**ASSIGNMENT:** I'd like the entire listing output verbatim, apart from the pictures.

++++++++

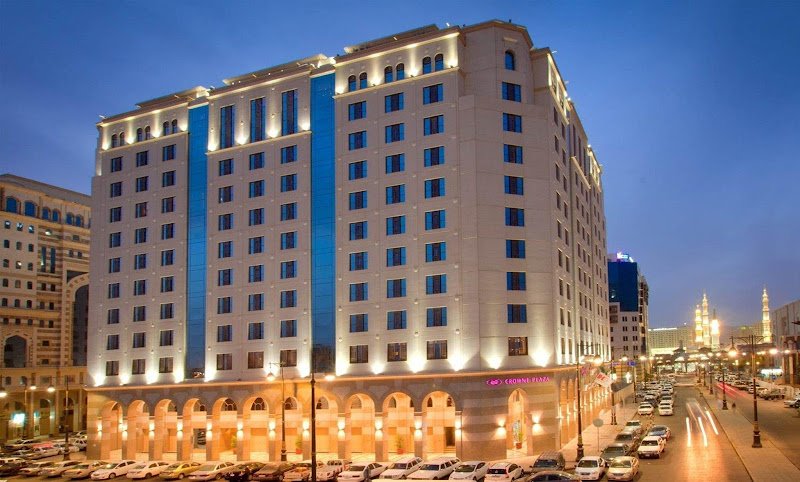 Crowne Plaza Madinah by IHG in Madinah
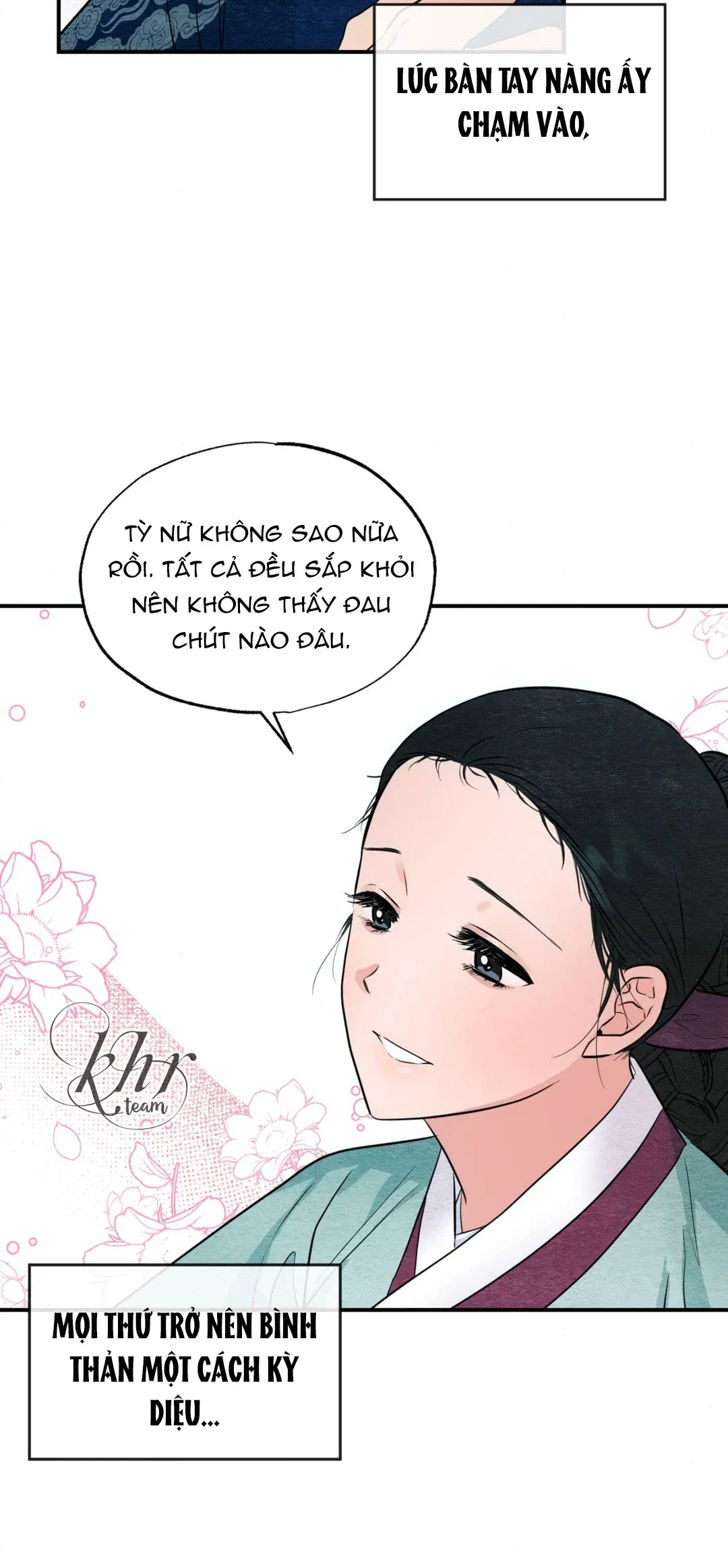 Cuồng Nhãn Chương 28 page 23 - Giả Dược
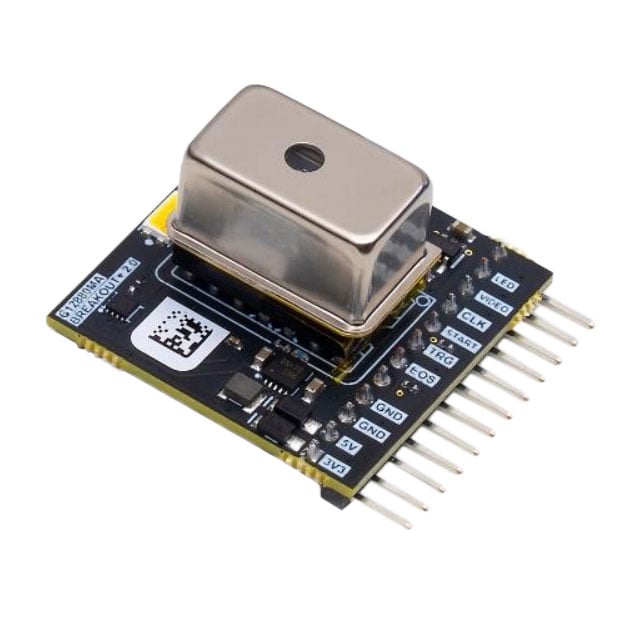 GroupGets LLC BO-HAMA-C12880-V2-SENSOR - Light, Spectrometer
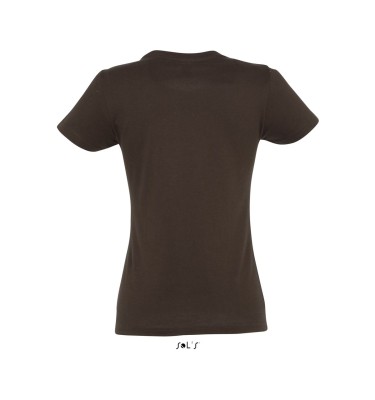 SOL'S IMPERIAL WOMEN - ROUND COLLAR T-SHIRT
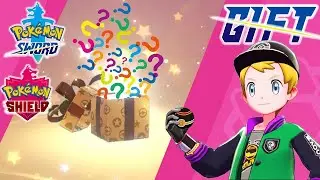 Top 6 FREE GIFT CODES in Pokemon Sword and Shield (WORKING FEBRUARY 2020)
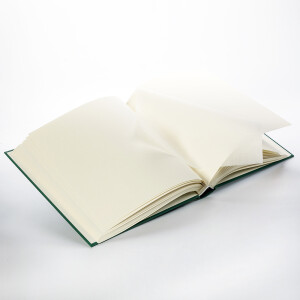 Walther FA-208-K Fun Trend фотоальбом 100 белых страниц 30x30 изумрудный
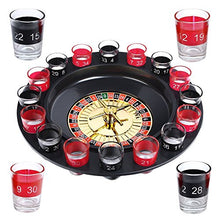 Carica l&#39;immagine nel visualizzatore di Gallery, Schramm® Drinking Game Roulette incl. Confezione Regalo Party Drinking... - Ilgrandebazar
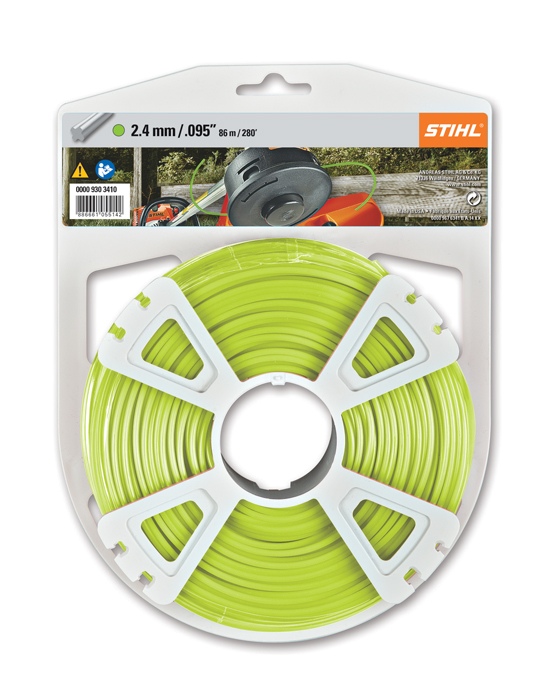 Alternate Image of STIHL X-Line Trimmer Line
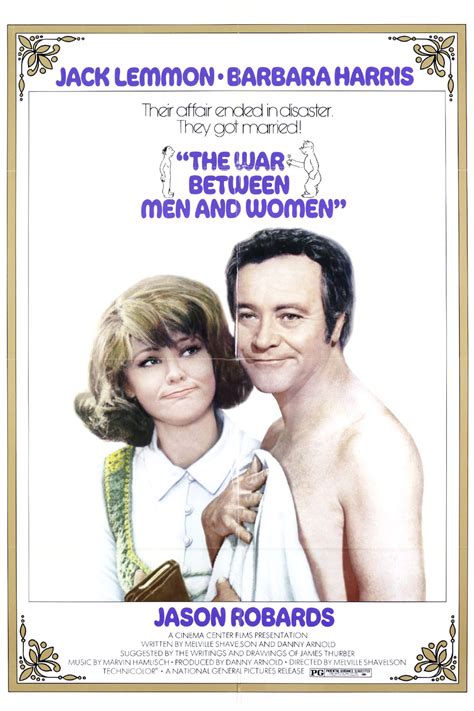 The War Between Men And Women 1972 Rotten Tomatoes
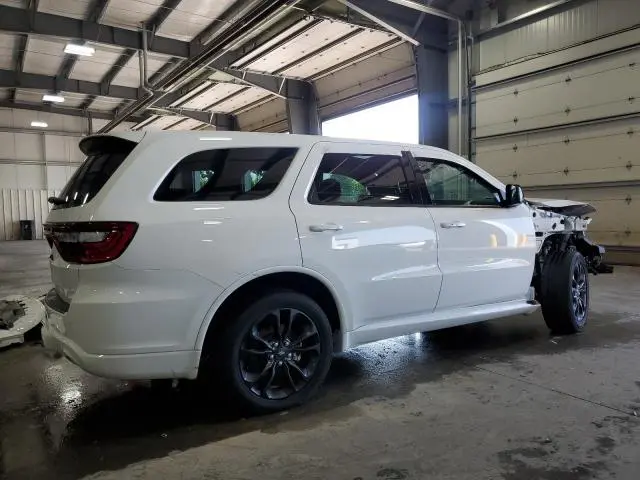 2022 DODGE DURANGO SXT  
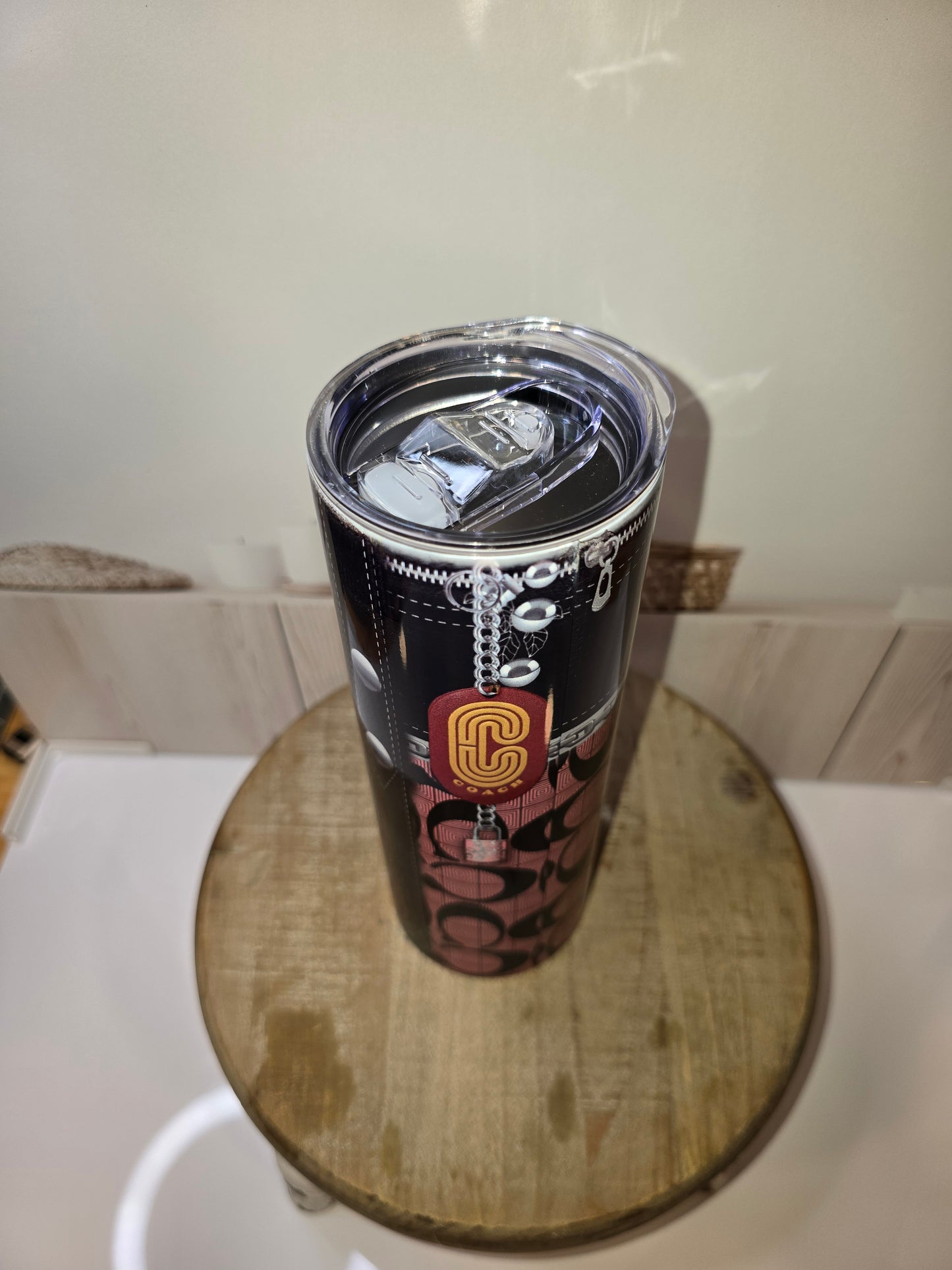 Designer In Pink 20oz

++++++++

**RESPONSE FOR THIS EXERCISE:**
 Crowne Plaza Madinah by IHG in Madinah
 Cuồng Nhãn Chương 28 page 23 - Giả Dược
 GroupGets LLC BO-HAMA-C12880-V2-SENSOR - Light, Spectrometer
 SOL'S IMPERIAL WOMEN - ROUND COLLAR T-SHIRT
 Top 6 FREE GIFT CODES in Pokemon Sword and Shield (WORKING FEBRUARY 2020)
 Walther FA-208-K Fun Trend фотоальбом 100 белых страниц 30x30 изумрудный
 Carica l&#39;immagine nel visualizzatore di Gallery, Schramm® Drinking Game Roulette incl. Confezione Regalo Party Drinking... - Ilgrandebazar
 Alternate Image of STIHL X-Line Trimmer Line
 The War Between Men And Women 1972 Rotten Tomatoes
 2022 DODGE DURANGO SXT  
 Designer In Pink 20oz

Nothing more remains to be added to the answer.